Songlines Bruce Chatwin 1987 |
Dustjacket synopsis:
'I have a vision of the Songlines stretching across the continents and ages; that wherever men have trodden they have
left a trail of song; and that these trails must reach back, in time and space, to an isolated pocket in the African
savannah, where the First Man shouted the opening stanza to the World Song, "I am!"'
Quotes:
"Extraordinary...a remarkable and satisfying book" - Thomas Keneally, The Observer
"The Songlines emerge as invisible pathways connecting all over Australia: ancient tracks made of songs which tell of the
creation of the land. The Aboriginals' religious duty is ritually to travel the land, singing the Ancestors' songs:
singing the world into being afresh. The Songlines is one man's impassioned song" - Sunday Telegraph
"This is a stunning work. From the author of In Patagonia, it is...a personal quest into the nature of knowledge.
Totally absorbing and stimulating" - The Good Book Guide
"He is such a fine and original writer. A white nomad himself, Chatwin's affinity with the footloose tribes of the
endless outback yields one of the most affecionate portraits yet of a race ravaged by the alcohol that so many other
Australians privately hope will become a self-administered final solution" - Daily Mail
"Chatwin is not simply describing another culture; he is also making cautious assertions about humna nature.
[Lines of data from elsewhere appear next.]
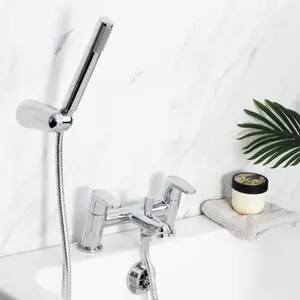 Bristan Divine Polished Chrome effect Surface-mounted 2 Tap Hole Shower mixer Tap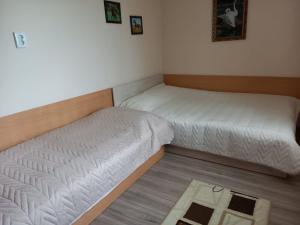西格伏沙尔克Вила Боби的配有两张单人床的客房,铺有地毯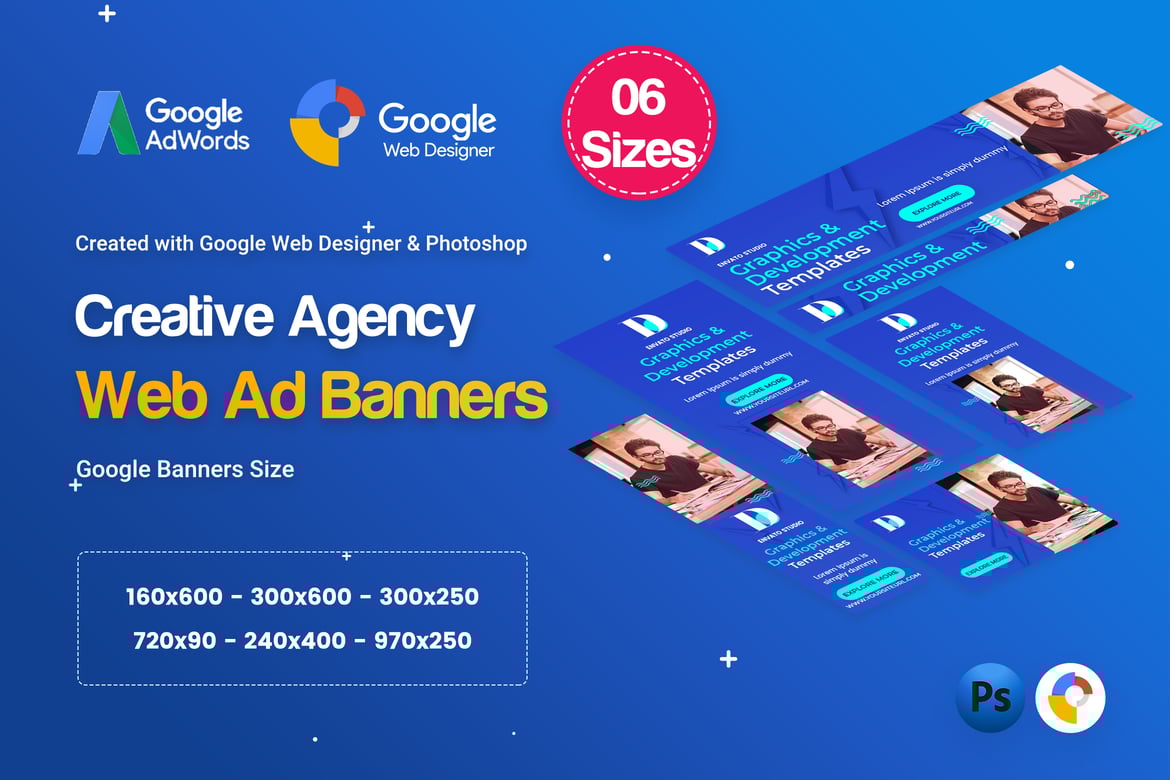 Creative Startup Agency Banners HTML5 (Set D39)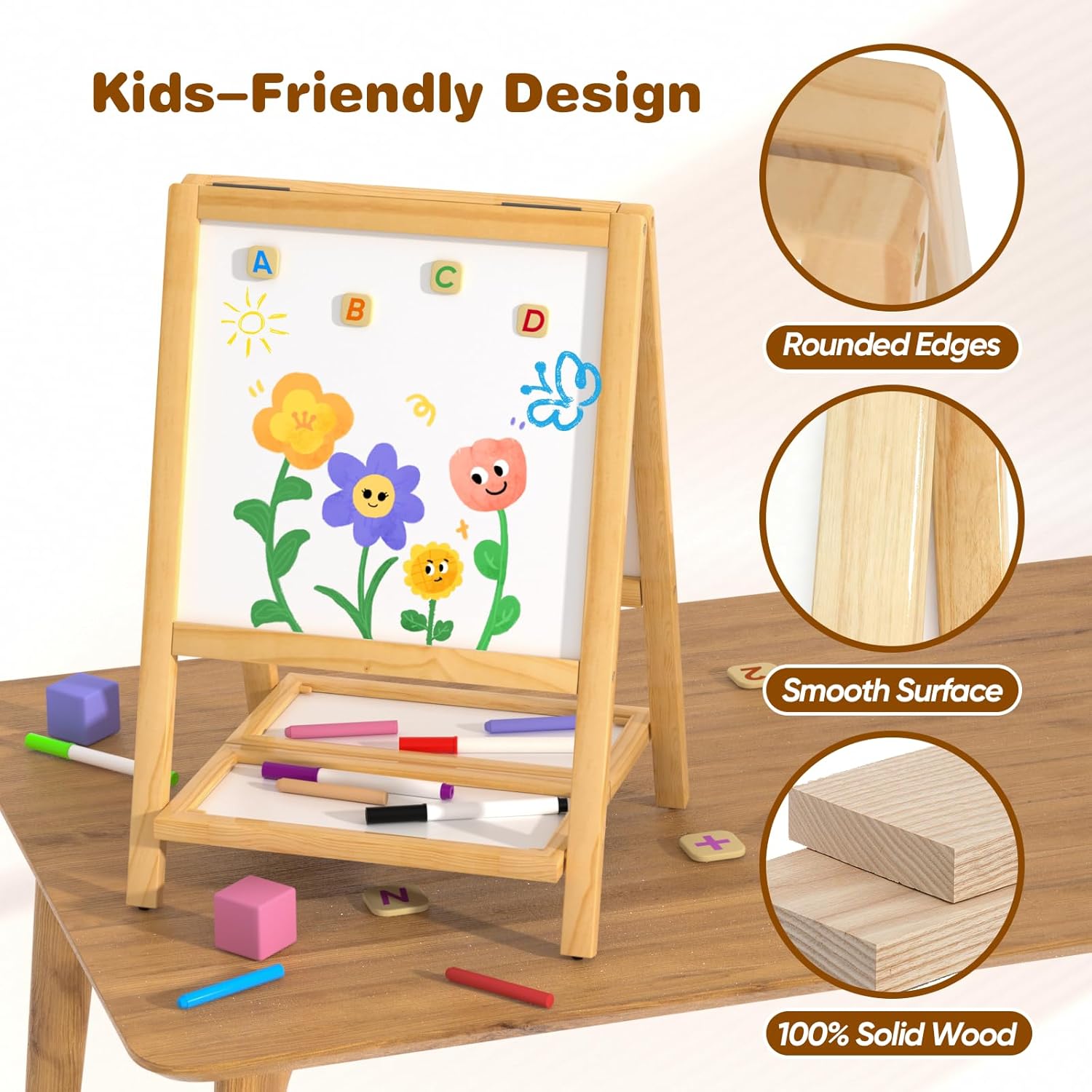 Kids Easel Wooden Art Easel for Kids, Tabletop Magnetic Drawing Board with Dual Chalkboard & Whiteboard, Foldable No-Assembly Design, Art Set with 54 Magnetic Letters & Numbers and Dustless Chalk
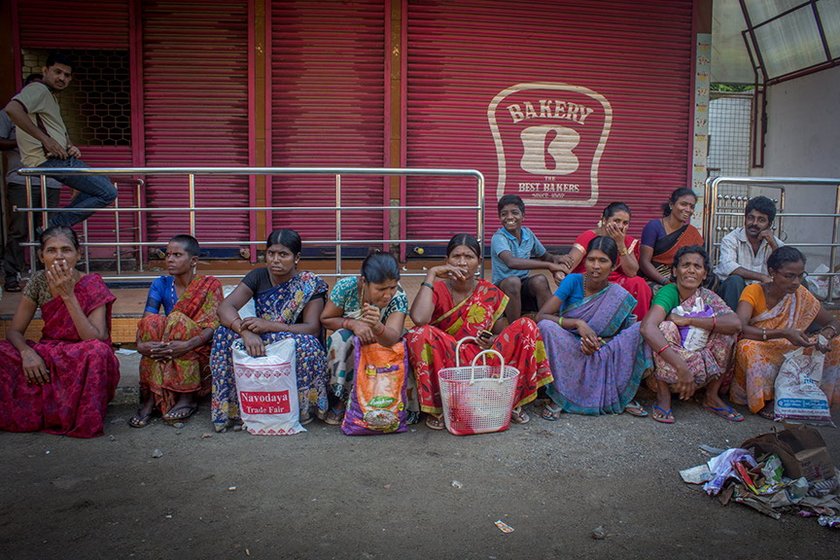 Women migrant labourers waiting for work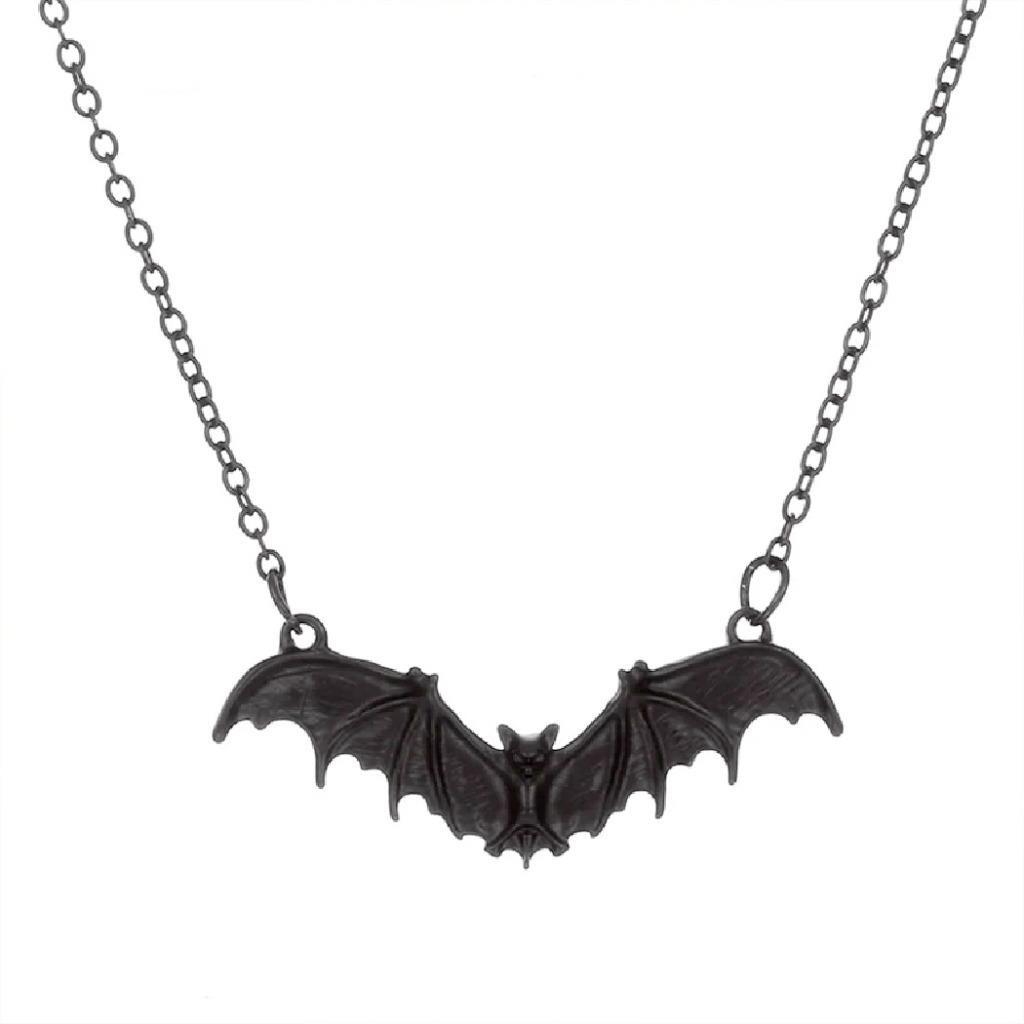 BAT NECKLACE 16″ Chain Flying Wings Spread Charm Pendant Vampire Halloween NEW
Towards the
end of his life Sartre wondered why people still write novels; had he read Chatwin's he would have found new excitement in
the genre" - Edmund White, The Sunday Times
"The poetry of Chatwin's remarkable pages flitters quietly about, steering a course between William Blake and Dr
Johnson...a masterpiece" - John Bayley, London Review of Books
About the Author:
In 1968 Bruce Chatwin began his study of nomads, travelling widely from Afghanistan to Maurentania. He was co-organizer
in 1979 of an exhibition called 'The Animal Style' at the Asia Society in New York. From 1972 to 1975 he worked as a
journalist for the Sunday Times. His first book was In Patagonia, which won for its author the 1978 Hawthornden
Prize and the 1979 E.M. Forster Award of the American Academy of Arts and Letters.
First Paragraph:
In Alice Springs - a grid of scorching streets where men in long white socks were forever getting in and out of Land Cruisers - I met a Russian who was mapping the sacred sites of the Aboriginals.
His name was Arkady Volchok. He was an Australian citizen. He was thirty-three years old.
His father, Ivan Volchok, was a Cossack from a village near Rostov-on-Don, who, in 1942, was arrested and sent with a trainload of other Ostarbeiter to work in a German factory. One night, somewhere in the Ukraine, he jumped from the cattle-cart into a field of sunflowers. Soldiers in grey uniforms hunted him up and down the long lines of sunflowers, but he gave them the slip. Somewhere else, lost between murdering armies, he met a girl from Kiev and married her. Together they drifted to a forgetful Adelaide suburb, where he rigged up a vodka still and fathered three sturdy sons.
The youngest of these was Arkady.
From the Picador paperback edition, 1988.